Harnessing Large Language Models for Detection of AI Generated Attacks

Large language models have led to the emergence of AI tools that threat actors use to craft sophisticated attacks. Exploitation toolkits leveraging AI, such as WolfGPT, EscapeGPT, XXXGPT, Evil-GPT, FraudGPT, WormGPT, GhostGPT, and Dark LLMs, are proliferating at an alarming rate. Now, with the design of low-cost models like DeepSeek, malicious AI toolkits will increasingly be weaponized by threat actors to amplify the sophistication, scale, and success rate of their attacks, posing a significant and growing threat to global cybersecurity.

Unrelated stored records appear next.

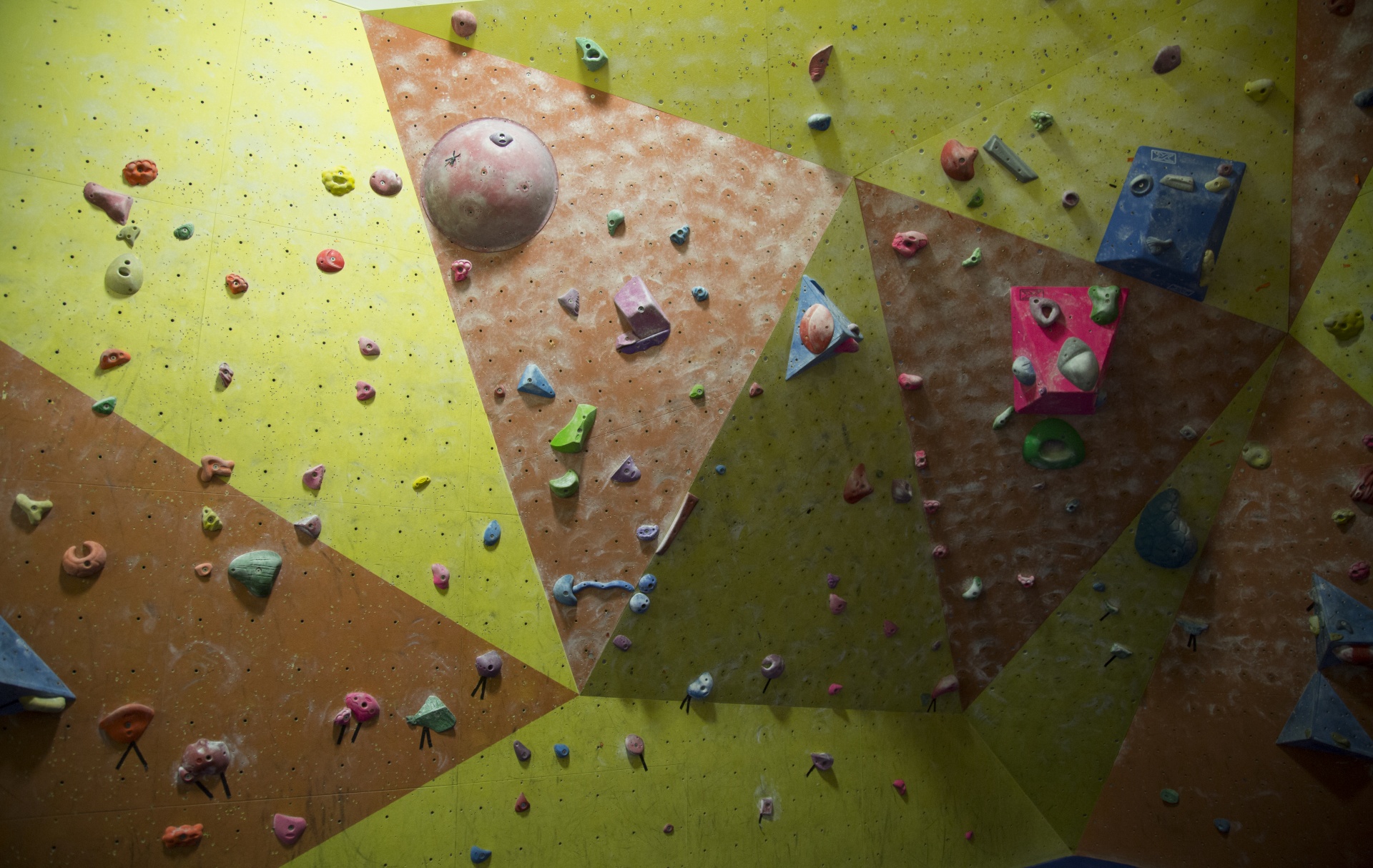 Climb,climbing,wall,rock,indoor - free image from needpix.com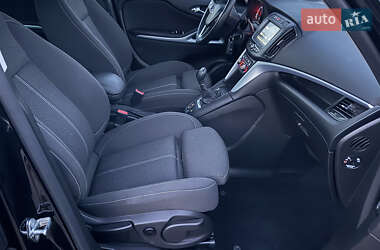 Минивэн Opel Zafira Tourer 2017 в 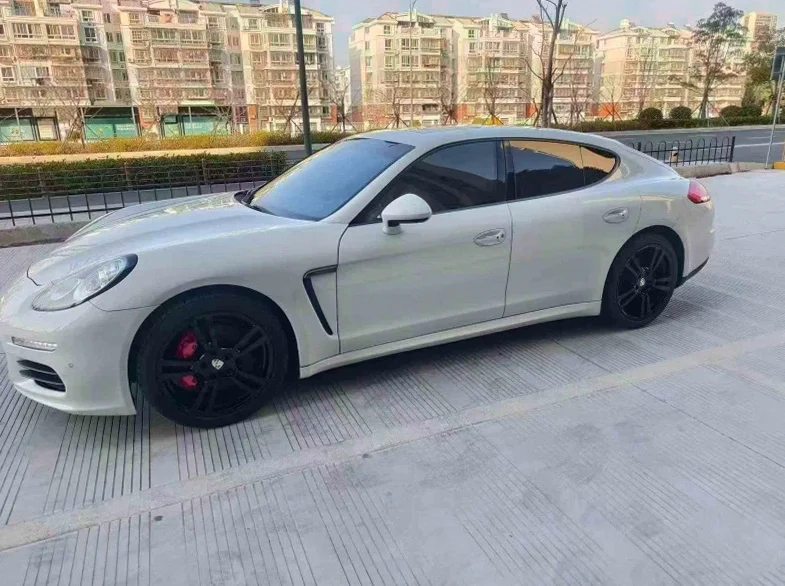 保时捷帕拉梅拉 后面外观一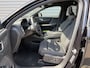 Volvo EC40 Twin Motor Ultra Black Edition 82 kWh / Treeplanken / Trekhaak / 360 Camera / Harman/Kardon / Panorama dak /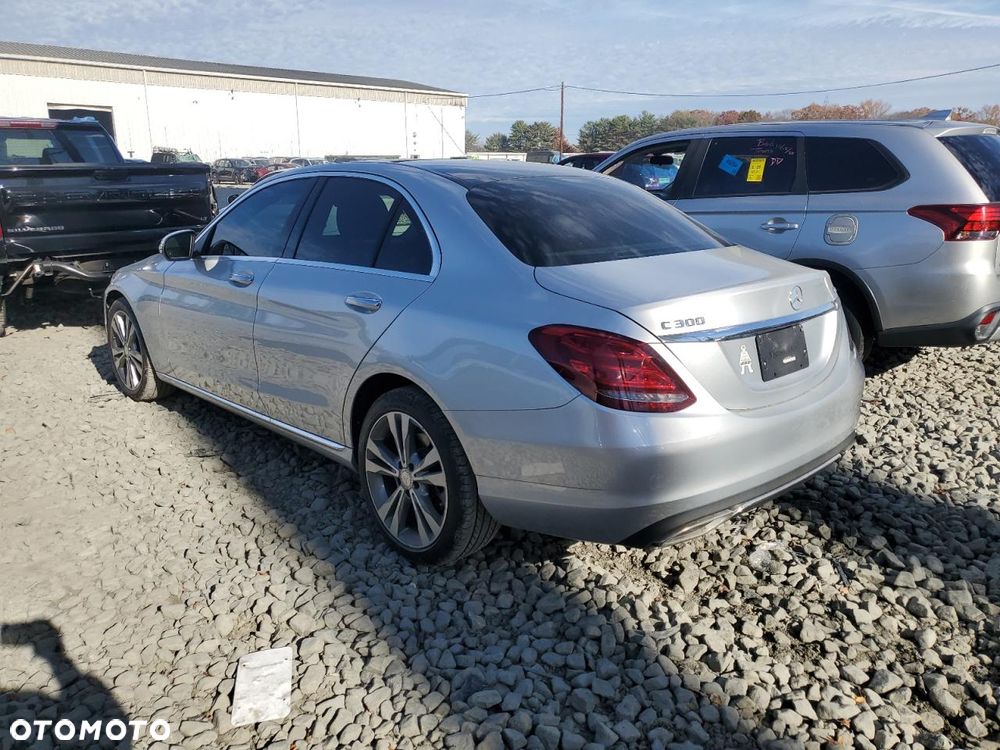 Mercedes-Benz Klasa C 300 9G-TRONIC Exclusive - 3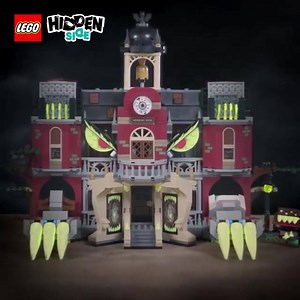 【媽呀，我的學校有鬼啦！😱】 放暑假期間，居然有一群幽靈偷偷潛入校園？ 還讓整座學校都變成吃人猛鬼👻 原來是樂高Hidden Side 紐伯里鬧鬼高校！ 想要來一場校園夜遊冒險，那就快下載 LEGO® Hidden Side™ App 開啟App對準盒組掃描，就可以觸發靈異事件 讓你能和紐伯里鬧鬼高校互動，刺激有趣又逼真 小樂已經要出發試膽了啦，你還不快手刀下載！ 👉smarturl.it/legolife_tw - LEGO® Hidden Side™ 70425 紐伯里鬧鬼高校 | LEGO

Email-delivered threats continue to pose a significant risk to organizations, leveraging vectors such as malware-laden attachments, phishing URLs, and conversational payloads including Business Email Compromise (BEC).

The advent of generative AI has exacerbated this risk by enabling the rapid creation of diverse malicious payloads, landing URLs, and evasion techniques—such as redirect chains, QR codes, CAPTCHAs, file-sharing platforms, and cloud-hosted infrastructure—to obscure the exploitation stage and bypass traditional detection mechanisms. Additionally, generative AI can produce numerous semantically varied BEC messages, challenging the robustness of binary and multi-class neural classifiers like BERT. These classifiers are prone to false negatives when not trained on the full range of semantic variations, highlighting the need for more adaptive and semantically-aware detection strategies.

To address the challenge of detecting AI-generated malicious attachments and URLs, we present a detailed design of an algorithm specifically built by taking a first-principles approach. The algorithm analyzes the semantic and thematic elements embedded in the body of an email and the text in its attachments to derive the email’s purpose, i.e., its intent—treating intent as primary features rather than relying on downstream indicators such as the final landing URL or features from exploitation stage. By decoupling detection from exploitation-stage artifacts, this approach inherently enhances resilience against evasion techniques.

We will first dive into the details of the semantics and topics commonly used by threat actors to deliver malicious attachments and URLs, which lays the foundation of our approach. We employ BERTopic, an unsupervised topic modeling technique, to identify common semantic patterns and themes in emails used to deliver malicious attachments and call-to-action URLs. Text from the body of emails and attachments spanning the past decade were extracted and sanitized to ensure consistency. Multilingual embedding models, such as BGE-M3, are used to generate dense vector representations, which are subsequently clustered using density-based algorithms like OPTICS, aided by dimensionality reduction through UMAP. Phi-3-Mini-4K-Instruct was used to derive the semantics from the clusters, while hierarchical topic modeling with hLDA uncovers deeper thematic structures and threat actor patterns from the clusters.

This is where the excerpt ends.